=== Problem requirements ===
Everything in the listing below should be repeated verbatim, apart from the pictures.

=== Information ===
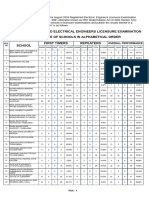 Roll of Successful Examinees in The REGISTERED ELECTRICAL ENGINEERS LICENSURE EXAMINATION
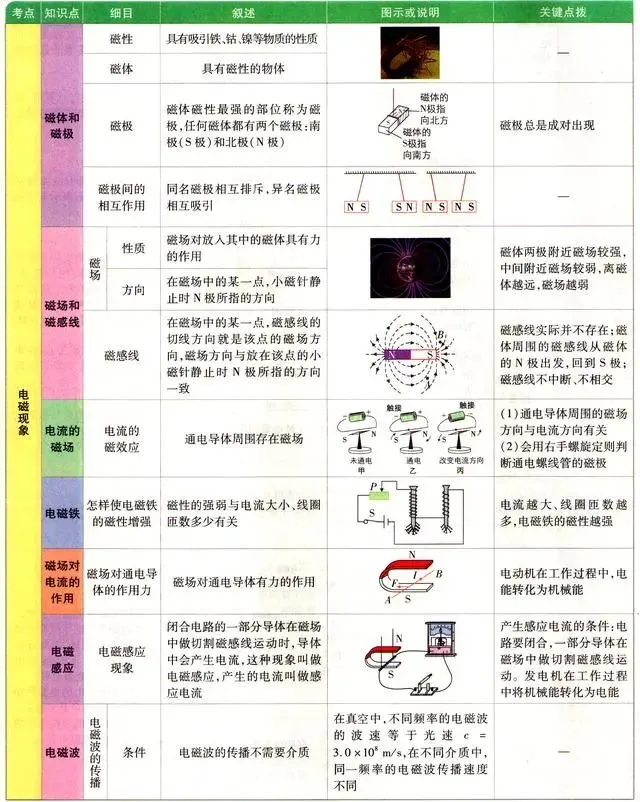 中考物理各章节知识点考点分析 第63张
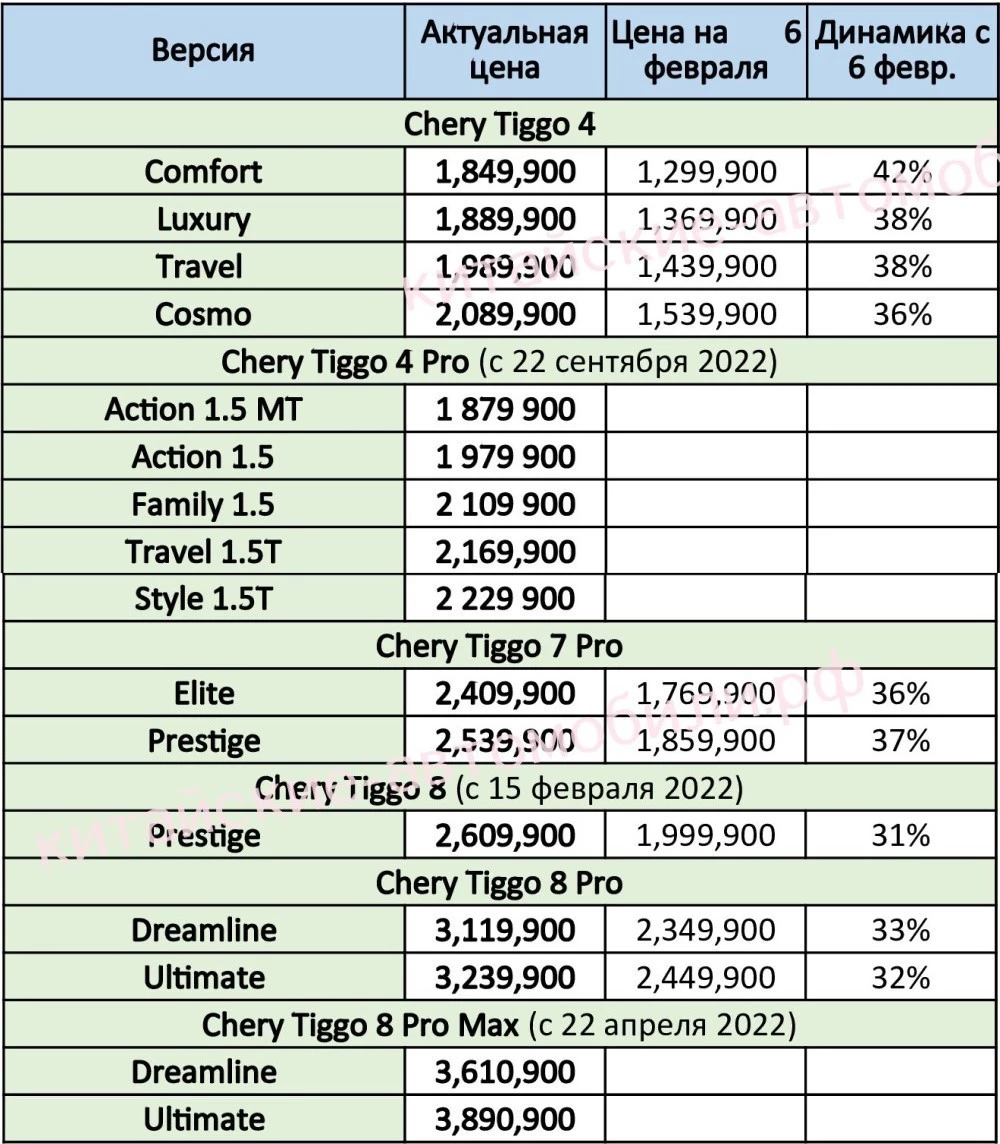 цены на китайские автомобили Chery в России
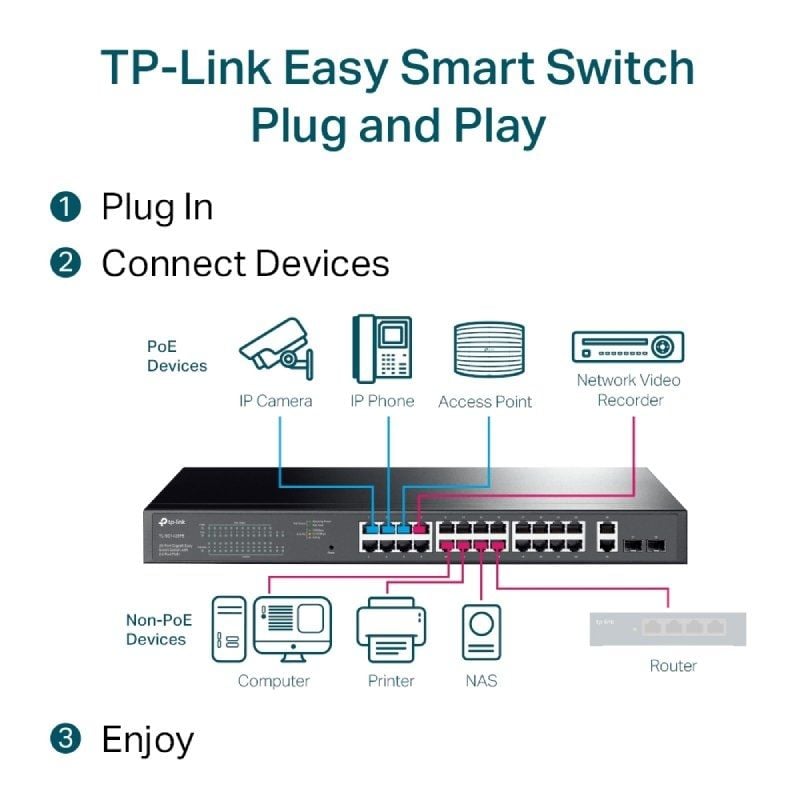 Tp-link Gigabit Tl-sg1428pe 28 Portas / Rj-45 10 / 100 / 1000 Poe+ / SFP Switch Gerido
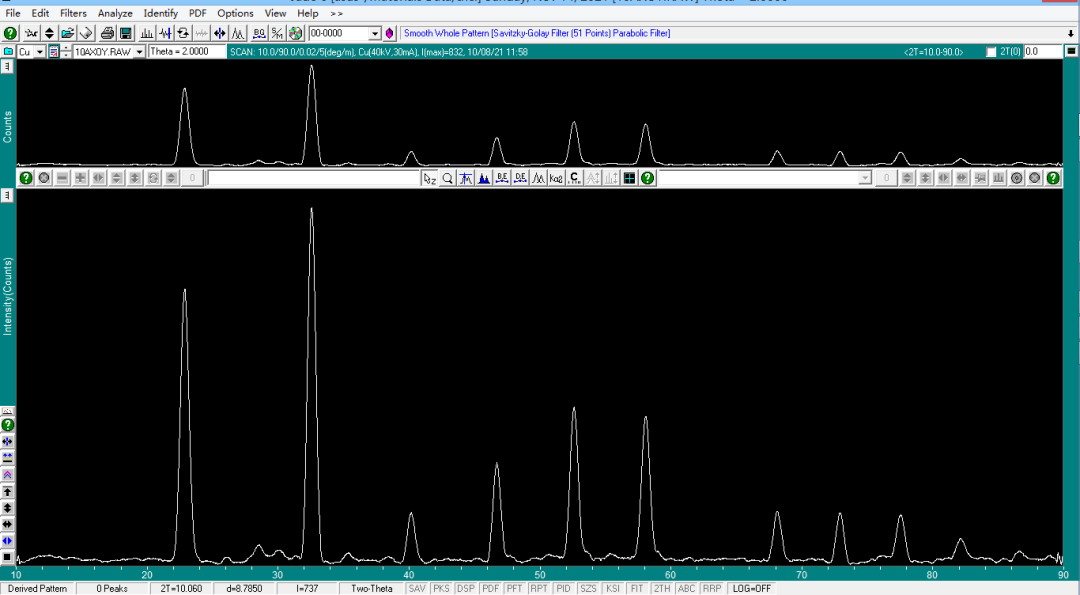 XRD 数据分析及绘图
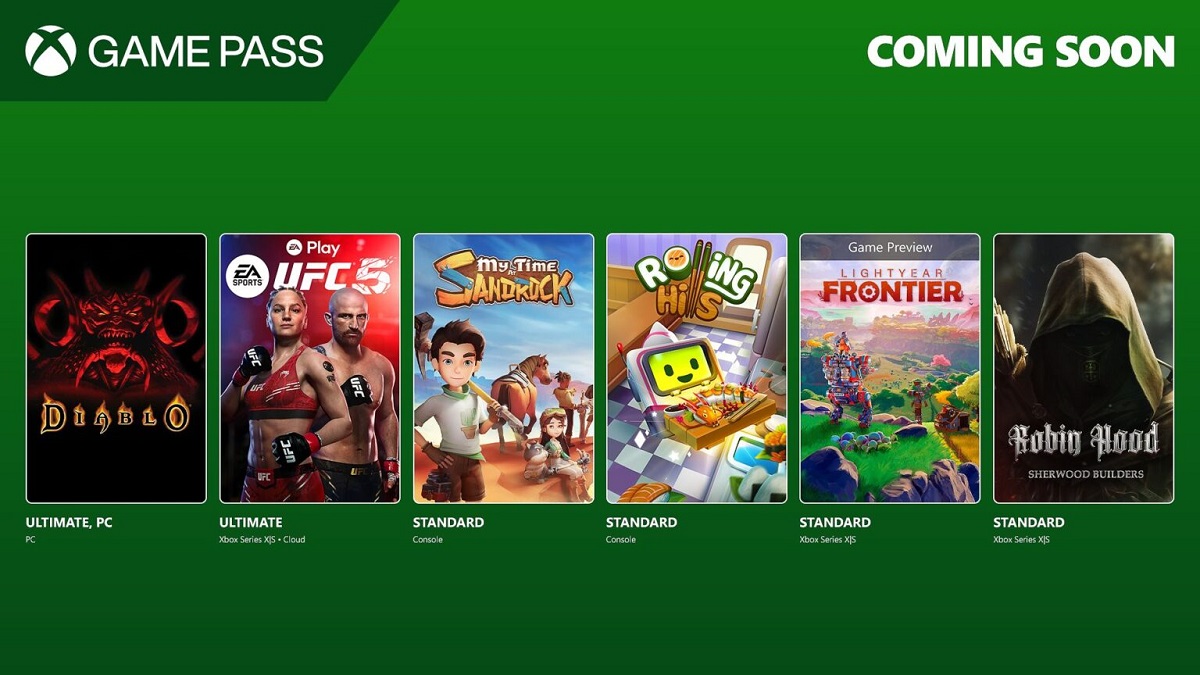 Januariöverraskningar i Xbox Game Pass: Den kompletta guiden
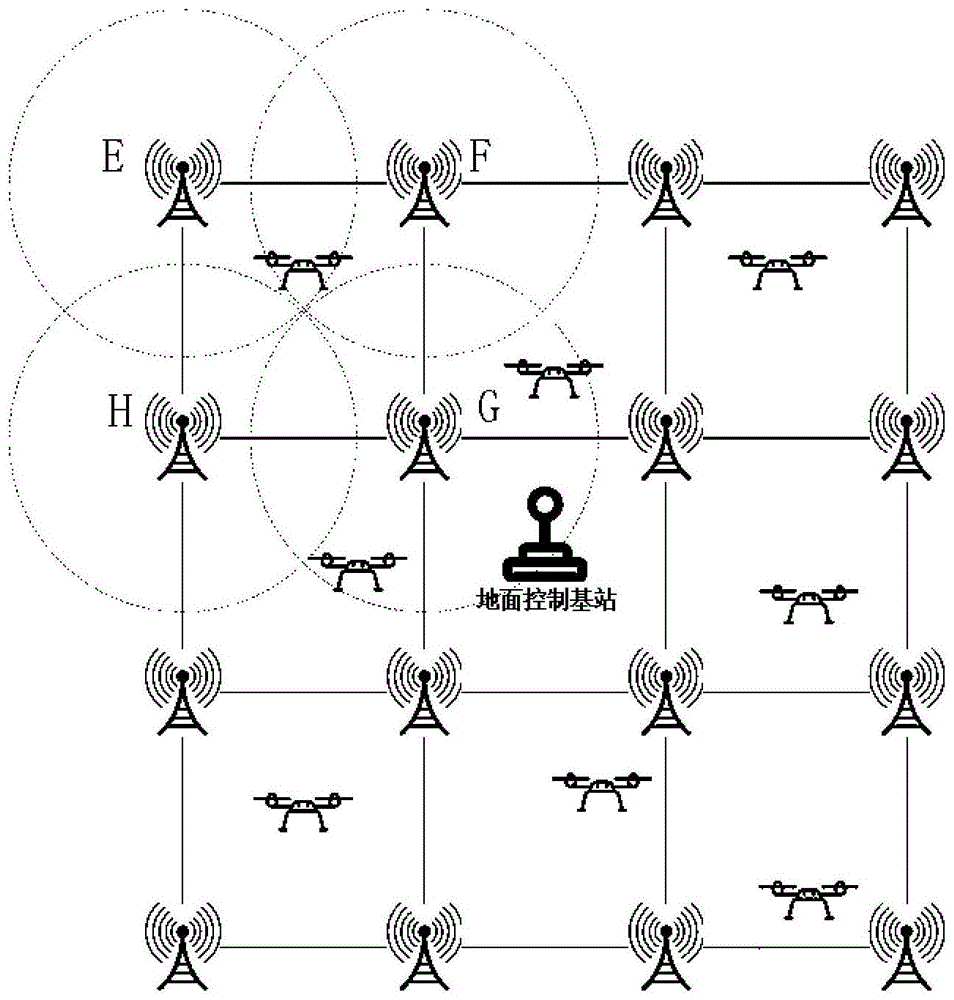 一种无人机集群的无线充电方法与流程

=== The completed task ===
 Roll of Successful Examinees in The REGISTERED ELECTRICAL ENGINEERS LICENSURE EXAMINATION
 中考物理各章节知识点考点分析 第63张
 цены на китайские автомобили Chery в России
 Tp-link Gigabit Tl-sg1428pe 28 Portas / Rj-45 10 / 100 / 1000 Poe+ / SFP Switch Gerido
 XRD 数据分析及绘图
 Januariöverraskningar i Xbox Game Pass: Den kompletta guiden
 一种无人机集群的无线充电方法与流程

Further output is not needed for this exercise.